*What to produce*. Set down the line that contains "this 800×360 image." and every line after it to the end of the entries, exactly as they stand and nothing more.

*Exercise input*.

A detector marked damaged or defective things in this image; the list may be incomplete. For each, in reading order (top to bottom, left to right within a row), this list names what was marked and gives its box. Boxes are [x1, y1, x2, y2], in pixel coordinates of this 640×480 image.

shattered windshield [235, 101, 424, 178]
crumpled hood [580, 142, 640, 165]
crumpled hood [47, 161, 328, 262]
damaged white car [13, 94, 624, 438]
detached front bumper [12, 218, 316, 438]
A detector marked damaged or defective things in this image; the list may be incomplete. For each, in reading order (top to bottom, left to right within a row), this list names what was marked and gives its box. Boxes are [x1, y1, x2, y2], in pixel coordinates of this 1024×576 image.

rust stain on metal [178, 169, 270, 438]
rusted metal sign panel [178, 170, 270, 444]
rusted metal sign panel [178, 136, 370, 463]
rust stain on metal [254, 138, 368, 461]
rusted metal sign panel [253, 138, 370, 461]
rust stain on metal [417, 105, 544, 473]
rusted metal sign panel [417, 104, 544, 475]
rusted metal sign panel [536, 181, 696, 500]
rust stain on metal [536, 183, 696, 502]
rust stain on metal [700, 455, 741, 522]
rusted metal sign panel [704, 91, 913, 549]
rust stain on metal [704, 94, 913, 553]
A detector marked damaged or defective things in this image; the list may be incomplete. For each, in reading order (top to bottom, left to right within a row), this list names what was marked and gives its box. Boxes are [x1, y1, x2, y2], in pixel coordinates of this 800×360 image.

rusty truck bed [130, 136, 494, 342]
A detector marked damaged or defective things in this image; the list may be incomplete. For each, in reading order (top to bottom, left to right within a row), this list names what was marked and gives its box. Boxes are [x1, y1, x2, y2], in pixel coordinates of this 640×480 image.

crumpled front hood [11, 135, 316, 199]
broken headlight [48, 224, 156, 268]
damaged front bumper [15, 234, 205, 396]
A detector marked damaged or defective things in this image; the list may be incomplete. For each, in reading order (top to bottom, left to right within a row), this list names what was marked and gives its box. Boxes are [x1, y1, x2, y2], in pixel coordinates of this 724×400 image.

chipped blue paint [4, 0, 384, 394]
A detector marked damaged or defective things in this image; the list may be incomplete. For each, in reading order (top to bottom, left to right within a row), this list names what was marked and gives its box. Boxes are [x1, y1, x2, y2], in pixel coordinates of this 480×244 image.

*Your solution*.
A detector marked damaged or defective things in this image; the list may be incomplete. For each, in reading order (top to bottom, left to right within a row), this list names what was marked and gives its box. Boxes are [x1, y1, x2, y2], in pixel coordinates of this 800×360 image.

rusty truck bed [130, 136, 494, 342]
A detector marked damaged or defective things in this image; the list may be incomplete. For each, in reading order (top to bottom, left to right within a row), this list names what was marked and gives its box. Boxes are [x1, y1, x2, y2], in pixel coordinates of this 640×480 image.

crumpled front hood [11, 135, 316, 199]
broken headlight [48, 224, 156, 268]
damaged front bumper [15, 234, 205, 396]
A detector marked damaged or defective things in this image; the list may be incomplete. For each, in reading order (top to bottom, left to right within a row), this list names what was marked and gives its box. Boxes are [x1, y1, x2, y2], in pixel coordinates of this 724×400 image.

chipped blue paint [4, 0, 384, 394]
A detector marked damaged or defective things in this image; the list may be incomplete. For each, in reading order (top to bottom, left to right within a row), this list names what was marked and gives its box. Boxes are [x1, y1, x2, y2], in pixel coordinates of this 480×244 image.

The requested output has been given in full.